【社長対談Movie #14】暮らし・世界をよくしていくデザインと設計。地域に根ざす建築事務所は大学生の時、まちづくりの提案からはじまった〜SAJIHAUS~<建設業>
- 2021/9/17
- 技術職

安)こんにちは。たんばの仕事ローカルキャリアオンライン。本日は丹波市の青垣町という宿場町の街道を、空き家を活用して色んな街づくりをされている、佐治倶楽部の事務局をされていて、サジハウスという建築事務所をされている代表の出町さんにお話を伺いに来ました。よろしくお願い致します。
出)よろしくお願い致します。
安)サジハウス話の前に、佐治倶楽部さんのことを聞きたいなと思っています。

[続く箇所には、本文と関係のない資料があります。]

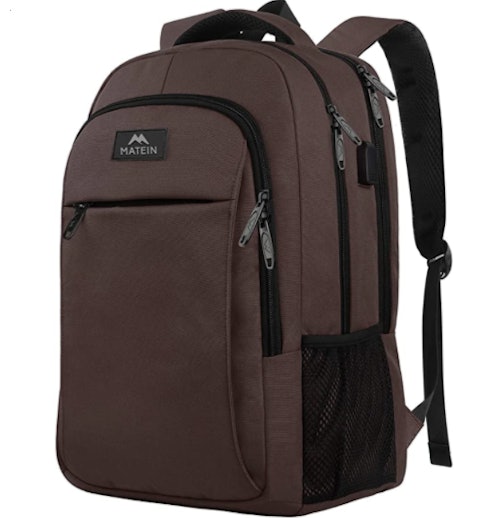 MATEIN Laptop Backpack With USB Charging Port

青垣町っていう宿場町があって、色んな古民家が並んでいる様なところで空き家の活用を色々されてきていると思うんですけれども、その最初の経緯とかどういう地域への思いから始まったのかということを伺いたいです。
【この仕事を始めるまでの経緯】
出)スタートは遡っていくと、僕が大学の時に建築学科で勉強をしていて、建物の設計をするというよりかは、古い町並みとか暮らしとかそういったものをデザインしていくような仕事をしたいなというのがあって。大学を卒業した後、就職をせずフリーランスで活動して、自分のやりたいことができればいいなと思って活動をしていたんですけれども。その時にたまたま、この丹波市の方で青垣町の佐治っていう街ですよね。ここで、まちづくりの提案を募集している企画があってそれに応募したと。その時提案した内容っていうのが、こういった空き家を使って自分たちで改修をしながら色んな人に改修を関わってもらって、繋がりが作れていったりしていったらいいんじゃないかというので。そういうことを提案したのがきっかけで。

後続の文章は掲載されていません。